そのうち交代の時間がやってきて、翔太は大宮とともに役割を解放された。傷に見えるメイクは落としても良かったが、「せっかくだったらそのままでいなよ」という、女子たちの謎の気遣いにより、二人とも顔中傷だらけのまま、教室を出た。
「さっき、日下部さん来てたよな。」
「え・・・あ、うん。」
「あの、一緒に来てた人、彼女かな。」
「違う!!」
「え?」
今一番翔太の脳内を支配している話題に、大宮は何の悪気もなく触れてきた。それもそうだ。あの日下部空が女の子と一緒に歩いていただなんて、バレー部員として気にならないはずがない。大宮は、翔太が空の恋人だなんて知らないし、何も悪くない。だから、咄嗟に強く否定してしまって、翔太自身もどう言葉を続けていいか分からなかった。

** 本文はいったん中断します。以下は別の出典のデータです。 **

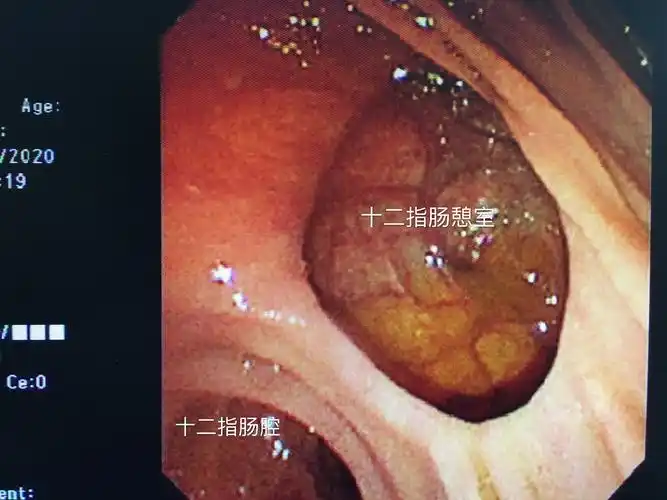 什么是十二指肠憩室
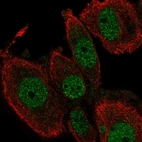 Anti-TEAD2 Antibody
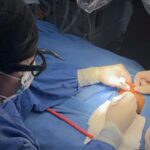 UMAE 71 del IMSS devuelve la audición a un bebé con el primer implante coclear bilateral realizado en el norte del país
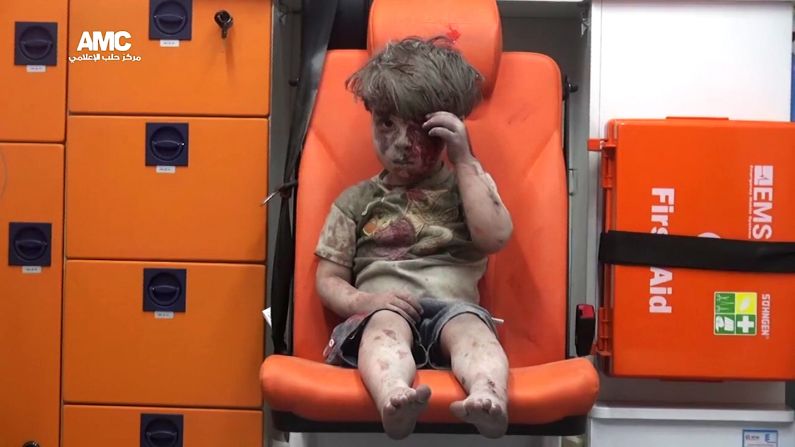 Omran silently wipes blood from his head in one of the last images we see in the video. He has since been released from the hospital. The doctor who treated him said his injury was light compared with the others wounded in the bombing.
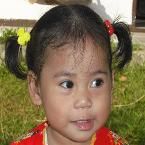 Nayla Septya Rheznandya, 1,5 Tahun; Perempuan; f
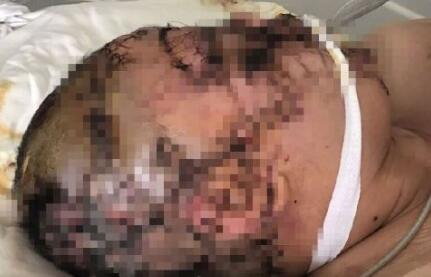 粉色花海被踩踏,花海遭践踏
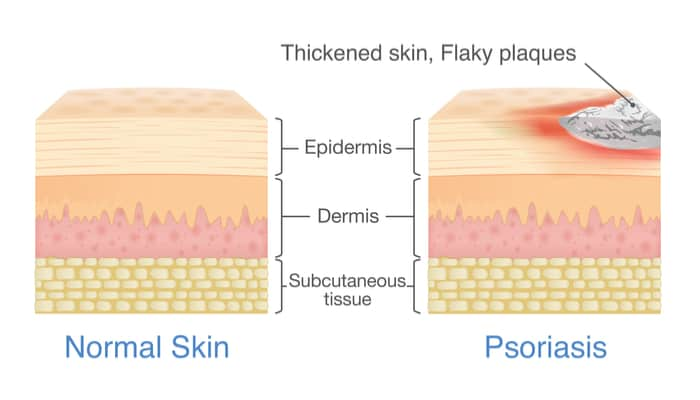 what is psoriasis singapore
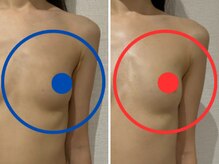 ポインセチア(Poinsettia)/ボリュームアップ&リフトアップ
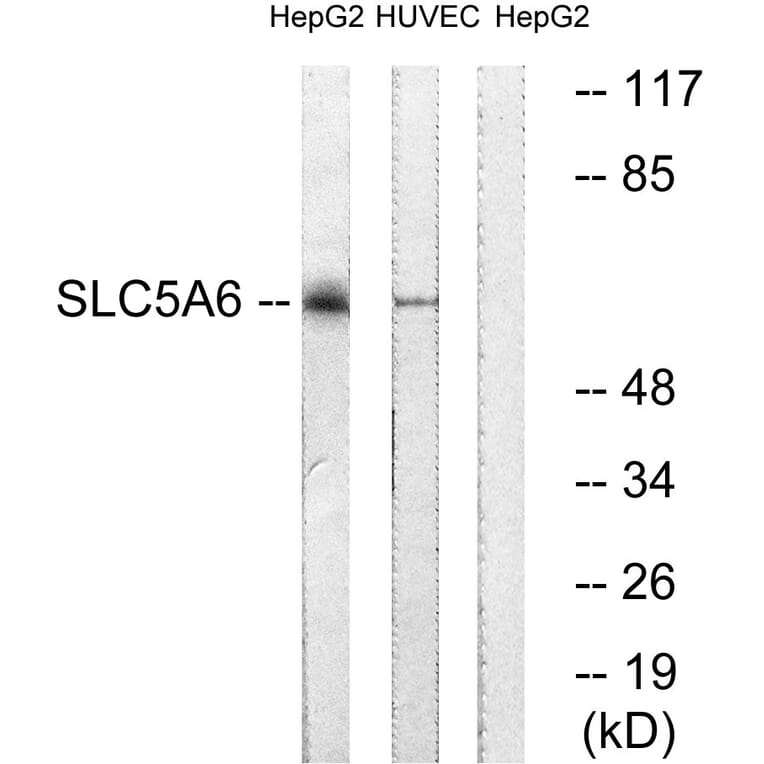 Western Blot - Anti-SLC5A6 Antibody (C18862) - Antibodies.com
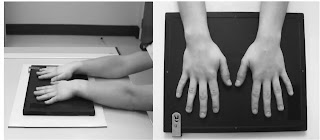 broken hand xray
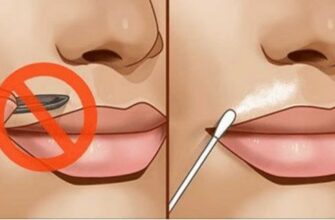 ПОПРОЩАЙТЕСЬ НАВСЕГДА С ВОЛОСАМИ НА ЛИЦЕ. С ЭТИМ ПРОСТЫМ РЕЦЕПТОМ…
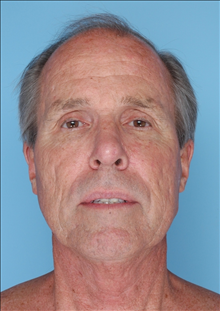 Facelift Before Photo by Daniel Mills, MD; ,  - Case 24726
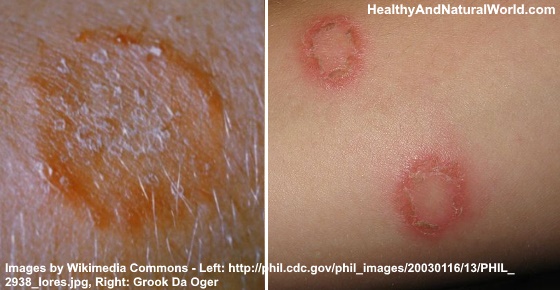 How to Get Rid Of Ringworm - The Best Home Remedies (Based on Research)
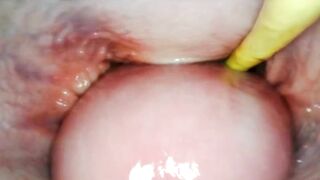 AMAZING INTERNAL POV. CAMERA INSIDE HER PUSSY WHILE I FILL HER WITH CUM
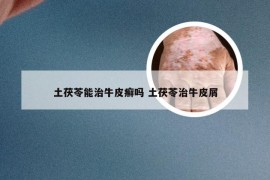 土茯苓能治牛皮癣吗 土茯苓治牛皮屑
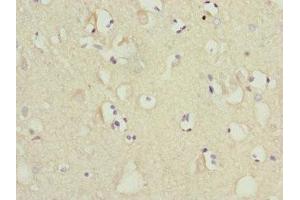 Immunohistochemistry of paraffin-embedded human brain tissue using ABIN7159842 at dilution of 1:100 (MTCH1 antibody  (AA 100-250))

「あ、いや・・・違うと思う・・・ほ、ほら、空くん彼女おるとか聞いたことないし。」
しどろもどろに答えた翔太だったが、大宮も「まぁ、それもそうか。」と納得してくれたようで、密かにほっと胸をなで下ろした。それでも、心のもやが晴れたわけではない。翔太の脳内には、先ほどの二人の姿が何度も何度も繰り返し流れていた。
「・・・ぎ。・・・やなぎ!小柳!!」
「・・・っ!」
いつの間にかぐるぐると考え込んでいた翔太の肩を大宮がトントンと叩いた。ハッと我に帰った翔太は、心配そうに見つめてくる大宮に「ごめん、大丈夫」とだけ言った。大宮は、「まぁいいけど。」とさほど気にもとめずに歩いていった。

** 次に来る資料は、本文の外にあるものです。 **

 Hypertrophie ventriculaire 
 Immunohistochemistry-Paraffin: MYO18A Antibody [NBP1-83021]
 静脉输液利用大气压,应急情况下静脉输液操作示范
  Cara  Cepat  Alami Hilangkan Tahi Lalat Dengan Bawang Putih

二人がやってきたのは、空のいるクラス。空はメイド喫茶のようなものをやると言っていた。ちょうど昼時に交代することが分かっていたので、もともとこのクラスで昼食をとる計画にしていたのだ。
「おかえりなさいませ~ご主人様!」
教室のドアを開けると、メイド喫茶にありきたりな台詞で迎え入れられる。ニコニコと楽しそうな3年生の女子生徒たちに案内されるがまま、翔太と大宮は教室の奥へと入っていった。
「な、なんかすごいな・・・」
大宮が冷や汗をかきながら翔太に呟く。でも、翔太は正直それどころではなかった。先ほどから視界の端で、空があちこちのテーブルに呼ばれていることに気がついていた。いつもよりも整えられた髪に、執事風の衣装がよく似合っている。安物の衣装なはずなのに、そんな風に見えないのは、空のもつポテンシャルのせいだろう。
「日下部さん、モテモテだな。」
「そうやな・・・。」
「なんだよ。さっきから元気ないじゃん。なんかあった?」
「いや、別になんもない・・・。」
「ふ~ん。ま、いいや。すいませ~ん!」
「は~い。」
翔太の様子を気にしながらも、必要以上には踏み込んでこないところが大宮のいいところだと思う。大宮は、さっさと食べるメニューを決めて、近くにいた女の先輩に声をかけた。
「お待たせしました、ご主人様。ご注文をどうぞ。」
甲高く作られた声に、翔太は思わず固まってしまう。文化祭とはいえ、こんな風に接客されたことは初めてで、どう反応していいのか分からなかった。一方の大宮は、案外ノリノリで楽しんでいるようだった。翔太は、早々に諦めて全て大宮にやり取りを任せることにした。